Mimicking that mechanically is a major challenge, it has nothing to do with AI per se.
It starts to click when you think about how many years it takes us to form those basic skills, refine them, and then the years spent practicing specific applications. All of this still requires dedicated trainers in the form of parents, driven by love and commitment.
Not even just on an individual basis. If you think about how long it took for dexterous hands to develop on an evolutionary basis, it took tens/hundreds of millions of years or even billions of years depending on where you start from.

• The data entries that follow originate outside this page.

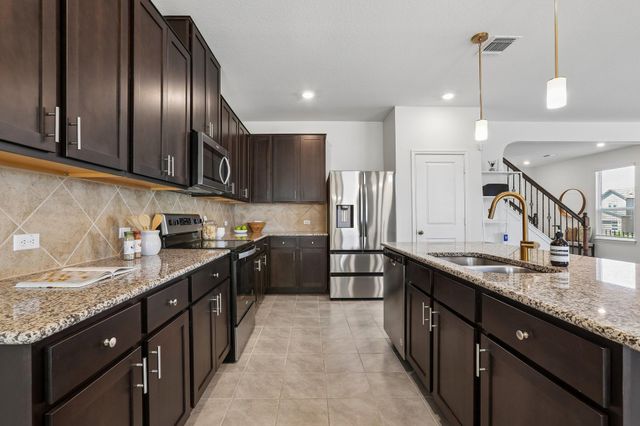 4612 Syndicate RD, Manor, TX 78653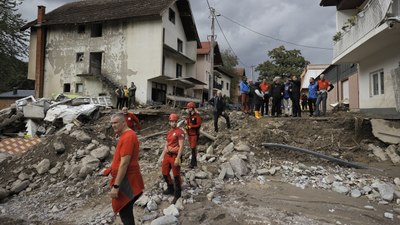 Sel felaketinin yaşandığı Bosna Hersek'e Türkiye'den yardım eli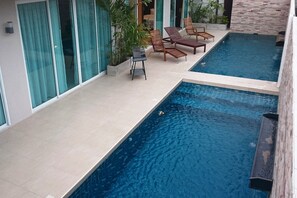 Double Pool 6 Bedroom Villa B57-58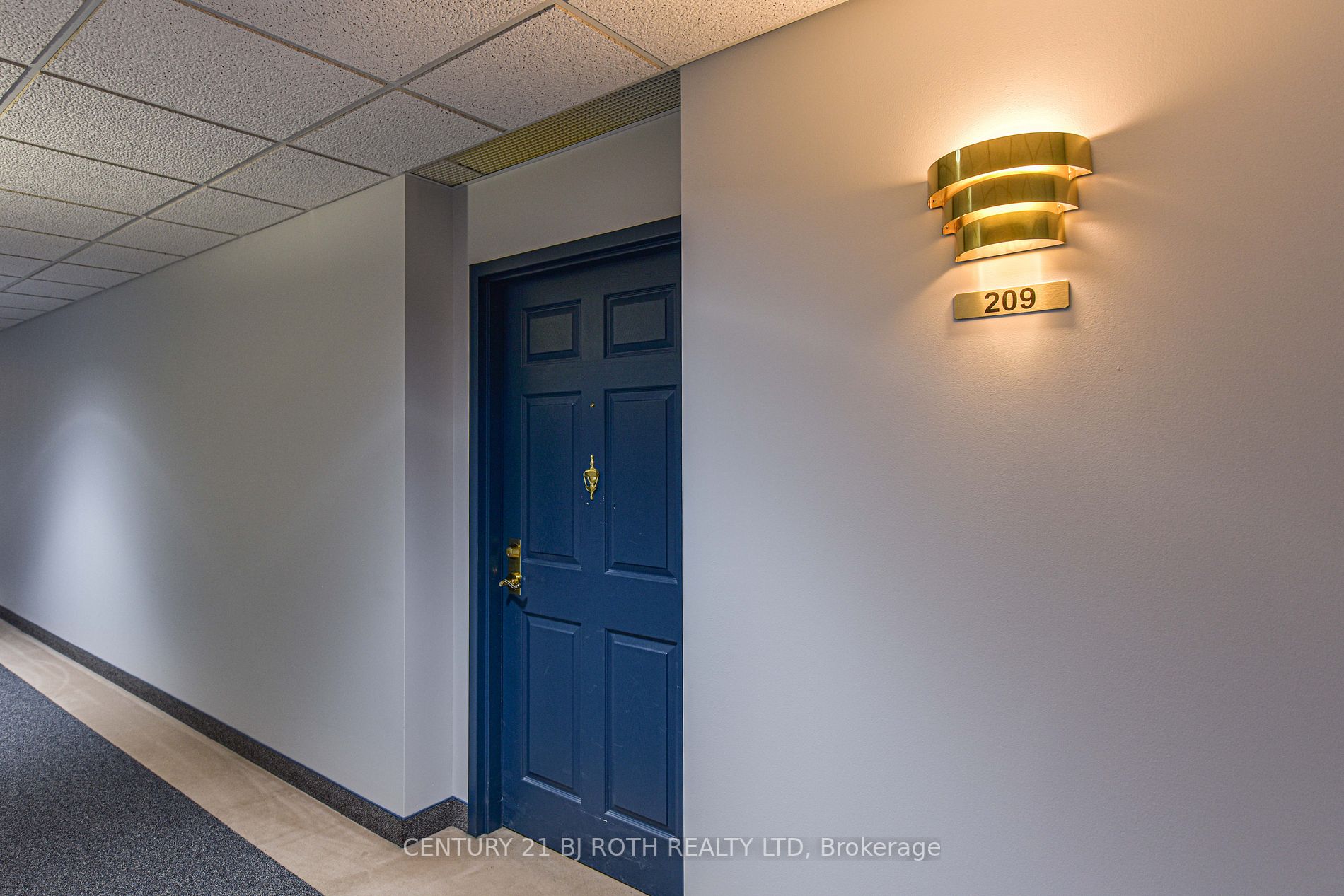 20 Museum Dr, #209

Also, there is an interesting theory that humans hands not only evolved to grab things, human hands evolved to form "efficient" fists for punching.
Even if I restrict myself to two fingers clamping around something, I can do ridiculously better than the robot. You could even give me the actual robot's hand on a grip. The control logic seems to be the much bigger problem to me.
Force feedback provides humans constant information on how our hands are doing.
Reliable force feedback data at our hand's level of detail would provide a wealth of data to those making the control software and that better software could benefit from real time data. The two problems are strongly interconnected.
I totally agree. (I only disagreed with the tiniest detail of his point and meant only to rebut that).
I would like to point that with pair of tongs you will still have force feedback. Even though is will be reduced in precision it will still be better than any artificial system I am aware.
When we are small we barely do any better than current gen robots.
Thing is that each of us accumulate prior data that we can use as a basis for future action, things like how much pressure is enough for grasping a raw egg without breaking it.
For what it's worth I for example only learned to tie my shoes when I was already 9 years old, while I had learned to read almost all by myself at 5 (my dad had taught me the letters of the alphabet).
Not only that, but it's difficult to mathematically model deformable objects in ways that are computationally tractable (e.g. running on a 10ms update loop)
Actually there are a couple of companies and labs who are close to (if not already solved) the problem, but no sane person is going to compete in the Amazon Picking Competition if they've actually solved it.
Yeah. You (I assume, unless you are a dog on the internet) and I (definitely not a dog) are the result of something on the order of billions of iterations of the "grasping hand" problem.